THE MINISTER for Communications, Energy and Natural Resources, Eamon Ryan, is facing a row with ESB workers that could lead to the lights going out.
Last week, Fergus Cahill, former Irish National Petroleum Corporation (INPC) chief executive, began chairing talks over a two-year-old proposal to transfer ownership of the national electricity grid from ESB to another State agency, Eirgrid, which currently manages it.
The split was proposed two years ago in a White Paper, and is supposed to boost competition in the market. The grid is a key piece of infrastructure because it gets electricity from generators to the people who use it.
It also holds the key to policies that are close to Ryan’s heart. It is going to be redeveloped at a cost of up to €6 billion over the next decade. Part of this will involve reshaping it to carry a lot more renewable energy.
The review of its future was barely under way last Friday when the ESB group of unions, which represents the bulk of the State company’s staff, walked out.
It has subsequently emerged that the board of the ESB’s employee share ownership plan (Esop) will not take part until the Minister clarifies a number of matters, including Cahill’s terms of reference.
The Esop also argues that as a shareholder, it should have been consulted before Cahill’s appointment.
The unions say the review breaks a three-way deal, dating back to 2000, under which the Government agreed that the ESB would not be broken up if the unions agreed to various measures that would open up the energy market, including subsequent job losses at the State company.
Unite official Brenda Ogle argues that the Minister has betrayed this agreement, because the review is treating the grid’s transfer as a done deal, and is geared at finding the best way of going about it, and not at examining any other alternatives.
“Last Friday, the Minister’s speech made it quite clear that this is Government policy and that it’s in the Programme for Government,” Ogle says.
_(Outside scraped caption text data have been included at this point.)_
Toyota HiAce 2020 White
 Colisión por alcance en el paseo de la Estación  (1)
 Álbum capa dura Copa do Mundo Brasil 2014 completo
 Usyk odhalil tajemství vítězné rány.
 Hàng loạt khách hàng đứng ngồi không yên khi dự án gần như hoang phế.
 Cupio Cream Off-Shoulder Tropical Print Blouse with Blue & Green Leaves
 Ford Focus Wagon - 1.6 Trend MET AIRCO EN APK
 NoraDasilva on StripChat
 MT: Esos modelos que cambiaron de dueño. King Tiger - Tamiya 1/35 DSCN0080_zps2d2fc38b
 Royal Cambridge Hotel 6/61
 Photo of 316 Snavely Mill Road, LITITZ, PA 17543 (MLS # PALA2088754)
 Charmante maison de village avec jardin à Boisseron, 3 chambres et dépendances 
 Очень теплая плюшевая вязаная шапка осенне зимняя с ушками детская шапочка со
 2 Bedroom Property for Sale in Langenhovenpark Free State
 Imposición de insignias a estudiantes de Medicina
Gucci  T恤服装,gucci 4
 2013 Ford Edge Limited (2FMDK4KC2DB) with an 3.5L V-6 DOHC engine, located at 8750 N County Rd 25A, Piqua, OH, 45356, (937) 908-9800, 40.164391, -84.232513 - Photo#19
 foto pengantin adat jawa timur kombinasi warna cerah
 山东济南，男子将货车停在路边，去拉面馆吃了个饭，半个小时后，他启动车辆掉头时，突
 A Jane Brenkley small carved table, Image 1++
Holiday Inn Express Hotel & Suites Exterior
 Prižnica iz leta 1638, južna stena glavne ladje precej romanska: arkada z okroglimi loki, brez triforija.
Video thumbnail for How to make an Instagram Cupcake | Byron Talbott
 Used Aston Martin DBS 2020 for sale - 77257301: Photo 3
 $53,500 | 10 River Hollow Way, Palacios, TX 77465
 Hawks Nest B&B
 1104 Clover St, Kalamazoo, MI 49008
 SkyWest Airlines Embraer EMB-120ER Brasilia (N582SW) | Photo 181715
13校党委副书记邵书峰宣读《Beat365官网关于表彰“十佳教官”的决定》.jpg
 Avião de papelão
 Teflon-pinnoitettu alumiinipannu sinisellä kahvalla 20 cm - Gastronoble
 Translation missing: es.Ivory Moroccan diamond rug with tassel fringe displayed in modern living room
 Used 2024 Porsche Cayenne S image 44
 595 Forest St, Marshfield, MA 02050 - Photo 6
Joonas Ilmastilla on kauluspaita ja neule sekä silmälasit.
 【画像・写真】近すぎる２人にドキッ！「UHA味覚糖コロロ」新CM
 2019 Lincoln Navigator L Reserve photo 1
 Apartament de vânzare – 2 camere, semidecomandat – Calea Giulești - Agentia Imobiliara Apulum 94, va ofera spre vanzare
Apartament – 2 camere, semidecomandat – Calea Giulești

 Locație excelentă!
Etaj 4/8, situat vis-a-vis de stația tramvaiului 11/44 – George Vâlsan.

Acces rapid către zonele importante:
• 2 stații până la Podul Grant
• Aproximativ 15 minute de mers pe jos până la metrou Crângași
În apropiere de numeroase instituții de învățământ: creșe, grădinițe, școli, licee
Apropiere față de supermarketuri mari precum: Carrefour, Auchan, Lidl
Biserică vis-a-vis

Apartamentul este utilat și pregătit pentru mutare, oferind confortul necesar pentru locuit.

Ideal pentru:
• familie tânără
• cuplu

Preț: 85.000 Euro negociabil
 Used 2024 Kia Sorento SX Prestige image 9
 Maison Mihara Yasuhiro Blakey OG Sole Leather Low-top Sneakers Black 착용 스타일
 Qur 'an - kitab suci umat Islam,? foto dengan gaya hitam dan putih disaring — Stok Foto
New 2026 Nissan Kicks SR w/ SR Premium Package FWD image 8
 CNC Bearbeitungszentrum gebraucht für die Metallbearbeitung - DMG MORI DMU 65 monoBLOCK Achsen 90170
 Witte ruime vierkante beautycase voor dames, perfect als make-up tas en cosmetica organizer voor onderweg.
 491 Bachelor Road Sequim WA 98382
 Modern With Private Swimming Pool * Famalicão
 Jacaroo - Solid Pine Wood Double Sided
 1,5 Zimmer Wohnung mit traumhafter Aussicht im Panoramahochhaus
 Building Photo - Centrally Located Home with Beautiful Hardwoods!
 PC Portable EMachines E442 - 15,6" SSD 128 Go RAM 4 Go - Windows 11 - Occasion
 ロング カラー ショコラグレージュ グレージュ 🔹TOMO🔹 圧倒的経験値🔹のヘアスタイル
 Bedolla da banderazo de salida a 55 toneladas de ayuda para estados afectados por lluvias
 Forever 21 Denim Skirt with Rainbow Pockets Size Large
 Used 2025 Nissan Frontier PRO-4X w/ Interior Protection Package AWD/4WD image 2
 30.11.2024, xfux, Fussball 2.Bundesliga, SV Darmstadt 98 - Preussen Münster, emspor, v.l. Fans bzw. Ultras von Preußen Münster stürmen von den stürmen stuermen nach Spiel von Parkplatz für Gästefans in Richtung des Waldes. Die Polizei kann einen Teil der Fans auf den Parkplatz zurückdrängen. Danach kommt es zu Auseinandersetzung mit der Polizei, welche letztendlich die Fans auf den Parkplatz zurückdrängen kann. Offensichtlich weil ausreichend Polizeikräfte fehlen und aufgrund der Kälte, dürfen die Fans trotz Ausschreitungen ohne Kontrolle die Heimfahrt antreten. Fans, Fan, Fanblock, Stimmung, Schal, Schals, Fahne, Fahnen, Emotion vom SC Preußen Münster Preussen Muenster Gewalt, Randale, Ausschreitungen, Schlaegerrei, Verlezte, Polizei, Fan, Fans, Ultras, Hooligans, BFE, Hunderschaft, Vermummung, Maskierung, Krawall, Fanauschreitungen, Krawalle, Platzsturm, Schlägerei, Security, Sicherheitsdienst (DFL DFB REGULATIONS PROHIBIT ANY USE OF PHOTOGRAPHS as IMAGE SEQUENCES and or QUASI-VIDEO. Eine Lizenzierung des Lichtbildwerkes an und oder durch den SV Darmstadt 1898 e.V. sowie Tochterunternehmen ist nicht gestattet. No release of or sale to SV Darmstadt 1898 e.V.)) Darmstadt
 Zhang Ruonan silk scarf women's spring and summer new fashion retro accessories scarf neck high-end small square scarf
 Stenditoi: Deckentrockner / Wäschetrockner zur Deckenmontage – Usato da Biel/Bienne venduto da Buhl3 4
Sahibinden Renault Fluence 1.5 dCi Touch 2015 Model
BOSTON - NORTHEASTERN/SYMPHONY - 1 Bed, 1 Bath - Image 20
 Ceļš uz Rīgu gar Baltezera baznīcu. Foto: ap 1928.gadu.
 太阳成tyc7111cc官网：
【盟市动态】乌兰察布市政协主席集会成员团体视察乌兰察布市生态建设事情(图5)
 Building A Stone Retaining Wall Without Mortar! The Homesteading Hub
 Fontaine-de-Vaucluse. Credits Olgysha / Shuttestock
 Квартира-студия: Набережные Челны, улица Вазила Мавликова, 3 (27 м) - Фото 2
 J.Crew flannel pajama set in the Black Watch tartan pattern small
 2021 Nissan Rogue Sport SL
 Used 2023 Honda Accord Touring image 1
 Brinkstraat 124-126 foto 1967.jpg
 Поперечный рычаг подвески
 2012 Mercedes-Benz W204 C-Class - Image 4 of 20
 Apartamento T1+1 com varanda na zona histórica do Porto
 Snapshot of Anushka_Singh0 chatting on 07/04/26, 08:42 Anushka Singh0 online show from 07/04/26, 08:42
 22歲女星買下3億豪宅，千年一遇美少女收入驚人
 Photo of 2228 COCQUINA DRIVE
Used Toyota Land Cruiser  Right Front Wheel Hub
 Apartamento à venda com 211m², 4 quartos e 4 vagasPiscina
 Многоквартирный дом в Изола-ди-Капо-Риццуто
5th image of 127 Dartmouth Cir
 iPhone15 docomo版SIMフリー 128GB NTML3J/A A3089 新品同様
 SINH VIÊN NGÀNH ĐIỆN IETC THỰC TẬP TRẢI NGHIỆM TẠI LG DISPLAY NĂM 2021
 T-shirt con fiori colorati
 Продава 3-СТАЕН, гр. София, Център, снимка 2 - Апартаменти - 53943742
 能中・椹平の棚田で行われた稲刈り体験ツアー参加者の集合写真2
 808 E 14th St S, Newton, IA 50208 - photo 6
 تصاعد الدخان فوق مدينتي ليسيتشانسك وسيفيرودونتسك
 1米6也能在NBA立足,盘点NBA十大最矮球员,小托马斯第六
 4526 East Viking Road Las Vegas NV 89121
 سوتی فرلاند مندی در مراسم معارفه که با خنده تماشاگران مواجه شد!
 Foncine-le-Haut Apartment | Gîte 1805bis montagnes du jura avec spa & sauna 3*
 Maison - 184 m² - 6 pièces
However, Ogle adds that the unions believed the review would look at all the options.
The unions backed the sale last year of Tarbert and Great Island power plants to Spanish group, Endesa, which Ogle argues helped save jobs and secured €2 billion in investment.
The department pointed out this week that the review is designed to take into account all relevant views, including those of the unions and the Esop, and that this is still the intention.
Ogle is adamant that the Minister and Government have broken faith. “We have delivered exactly what we told them we would deliver, and now the Minister is trying to take away the central plank of our agreement,” he says. The unions have already said that they will take whatever action they believe is necessary to prevent this process continuing. This would logically include industrial action.
Ogle says he is not talking up industrial action, but says that this is far too important an issue for the unions to take lying down.
He does leave one chink of light: they are still prepared to engage in a process which they believe takes all options fully into account.